Ladies and gentlemen, Elvis has arrived in the building (complete with a list of several hundred music lovers who made this appearance possible).

Earlier this year Phil Odgers, a.k.a. Swill, released a seven-song CD, a preview of his new Elvis Lives Here disc. The idea was to help raise funds for the new album through this online collection of unfinished takes and additional tracks. Folks who anted up and bought the limited edition EP would get their names included in the thank-you notes on the finished album.

Now we have the finished product, and the final versions of the songs that show up on both releases are sufficiently different that diehard fans of Swill & the Swaggerband will want to own both.
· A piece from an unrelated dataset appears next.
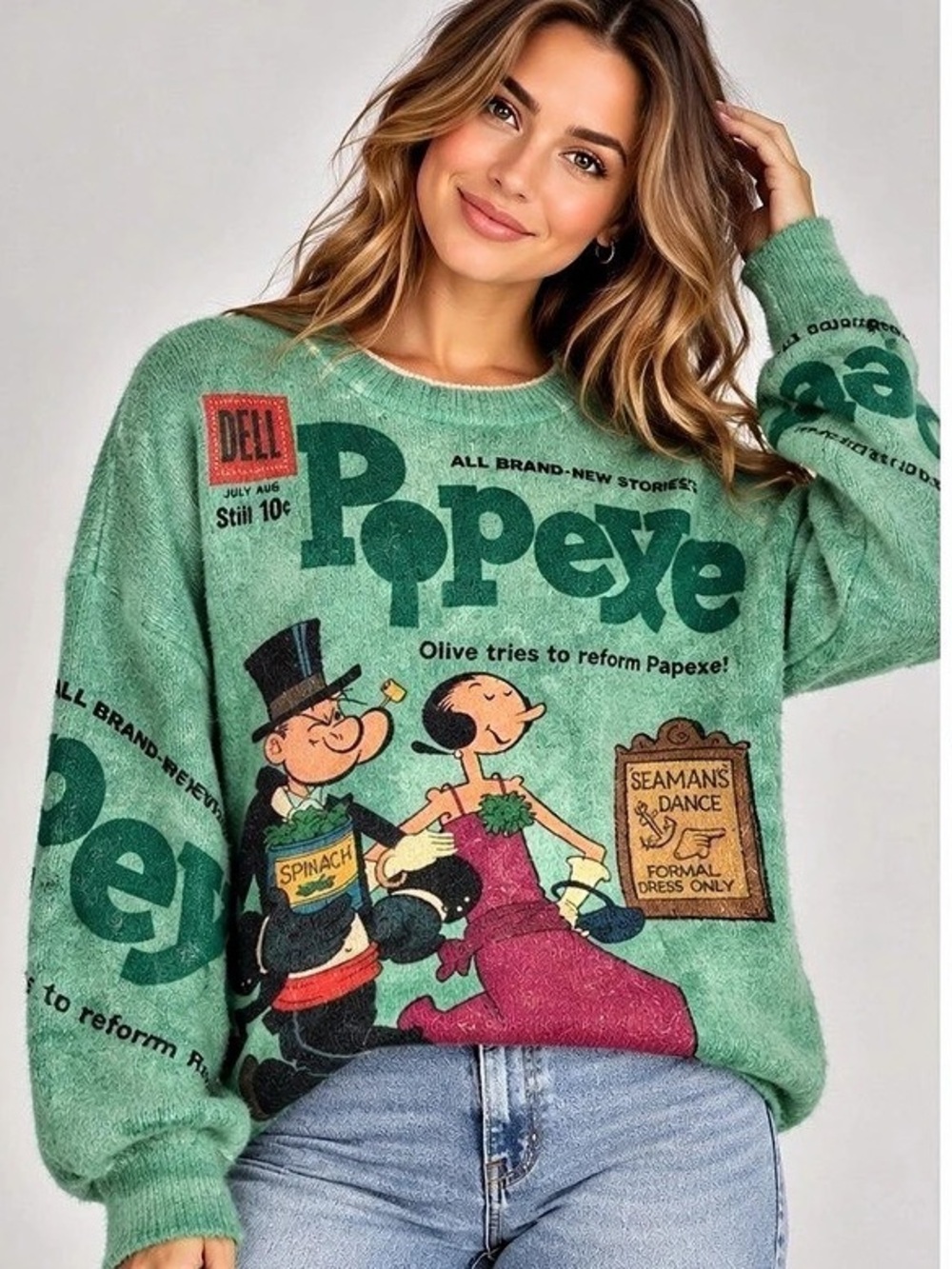 Popeye Olive Oyl Women’s Medium Dell Comic Graphic Sweater Green NWOT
Four of the earlier tracks resurface on the Elvis Lives Here release, and while "Drag You Down" and "Just a Dial Tone Away" benefit from the additional studio production that has been added, I prefer the earlier, barer-bones versions of "Shed Fire" and the title track.

As for the completely new material, "World of Discontent" -- "who cares for you when the world goes wrong?" -- is a bouncy, upbeat melody married to downbeat lyrics. The mix is perfectly Swill, smiling in the face of adversity, and it captures the essence of this release -- and its central problem. Swill often deals with serious subjects in his lyrics but can't seem to bring himself to construct similarly weighty melody lines and arrangements. Unfortunately, this sometimes results in songs that feel fluffier than they ought.
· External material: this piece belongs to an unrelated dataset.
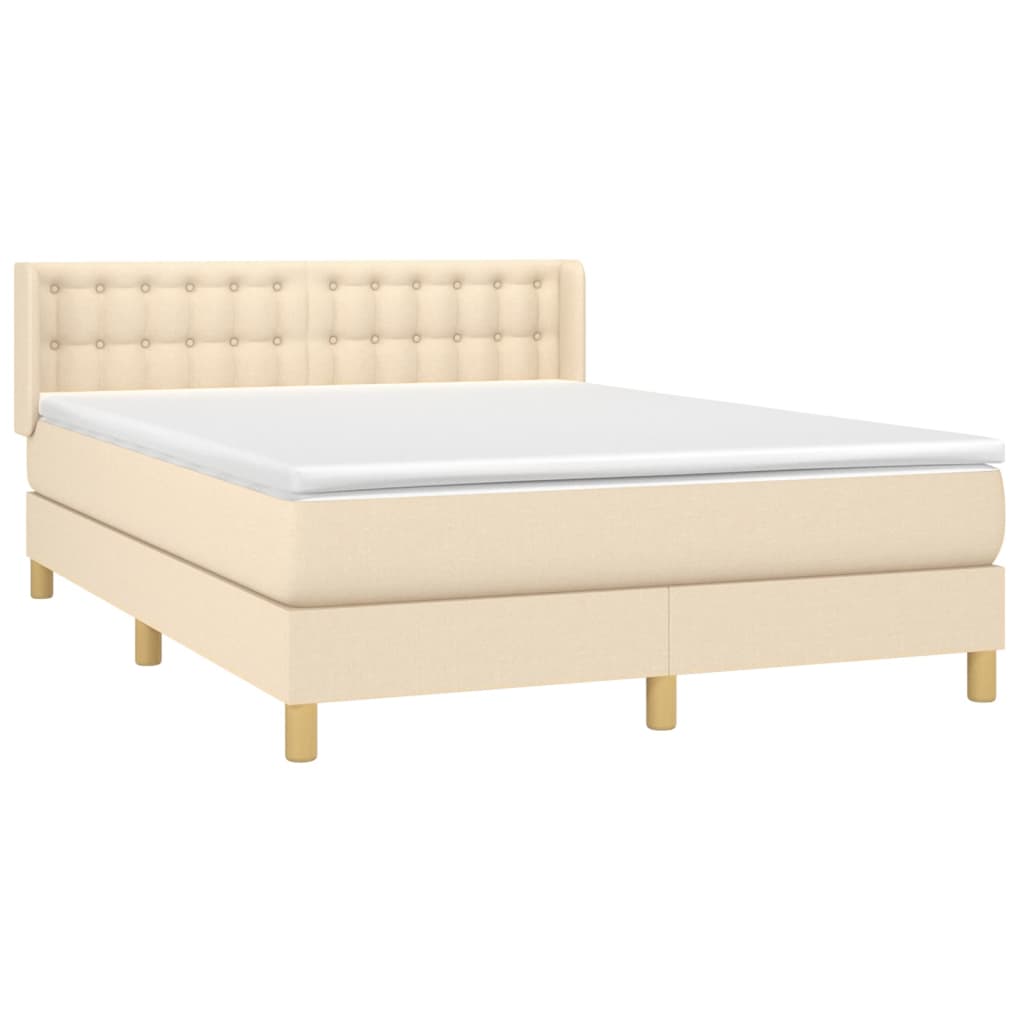 Κρεβάτι Boxspring με Στρώμα Κρεμ 140x200 εκ. Υφασμάτινο - Pakobazaar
The one place where Swill manages to overcome this tendency is "In the Breeze," a collaboration with Paul Simmonds (The Men They Couldn't Hang). Simmonds' lyrics to "In the Breeze" deal with one family's personal fallout from the Iraq war. The arrangement -- acoustic guitar, accordion, fiddle and, briefly, banjo and mandolin -- is appropriately stark and melancholy. Even here Swill's smooth vocal delivery softens the edges of the story and one wonders what the song might have sounded like in the hands of a Joe Strummer or Billy Bragg.

"The Drinkers" is pure pub-fodder -- "We're the drinkers baby and you'd better face it, if there is a party, we're bound to disgrace it."-- and we're back in familiar Swill territory. "Deep Blue Sea" and "Missing" are pleasant, if unexceptional, tracks, though the addition of Marsha Swanson's vocals on "Missing" helps differentiate the track from the rest of Elvis Lives Here. "Give 'Em Enough Hope" is a bit of a silly inclusion, one that feels as though it's been lifted from a Clint Eastwood spaghetti-western soundtrack by way of Roger Whittaker.

The album closes with the a cappella number, "Marjory & Johnny." It's an ideal finish, highlighting Swill's unadorned vocal talents, and this approach lends the track the gravitas needed to make it stand apart.

Elvis Lives Here is a solid album and Swill fans ought to be pleased, especially those who helped make this disc a reality. But I don't think it has the punch, the distinctiveness, to reach out to a significant new audience. For that Swill may have to rely on his live show and this new material seems perfectly suited to the task of winning over a live audience.